Q: Did the CollabRx vision of 2008-2010 foretell the 2016 Cancer Moonshot?
A: True history is difficult to confirm. Its representation depends in large part on who recorded “his-story.” Even Socrates, who, amazingly, did not himself write, is known mostly because of the extensive writings by his students.
Did Richard Nixon, in declaring “War on Cancer” in 1972, calling for vast research to find a cancer cure foretell the Obama-Biden 2016 “Moonshot”? Perhaps, since it also was a presidential decree.
It takes many threads to weave a tapestry.
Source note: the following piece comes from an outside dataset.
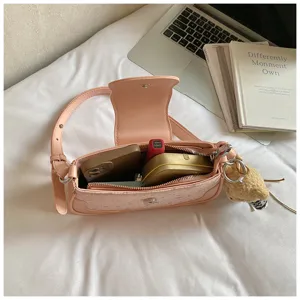 Détail de sac à bandoulière rose imprimé étoiles avec pendentif ours mignon et rangement.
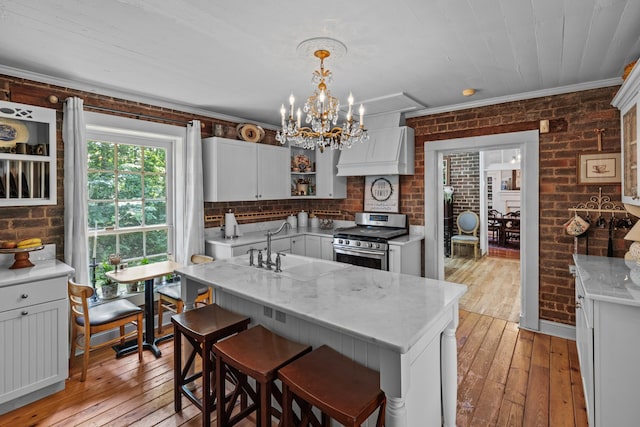 1130 Squirewood Way, Dandridge, TN 37725 - kitchen with stainless steel gas range oven, brick wall, a sink, a chandelier, and light wood finished floors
Jay Martin (Marty) Tenenbaum PhD, himself both a former Stanford professor and pioneering internet entrepreneur as well as a metastatic melanoma survivor, founded CollabRx as a privately held, for profit company in 2008.
When Marty conceived CollabRx, he envisioned breaking down the silos of process that inhibited movement of positive research results from “the bench to the bedside” to enable a far shorter time than the extant 16 years. Blending-merging the wonders of advanced information technology and the Internet with the increasing wonders of molecular oncology was to be the method.
The goal was always to “defeat cancer, one patient at a time.”
Jeff Shrager, PhD (still with Cancer Commons) and Smruti Vidwans, PhD (still Chief Science Officer of CollabRx) were early hires.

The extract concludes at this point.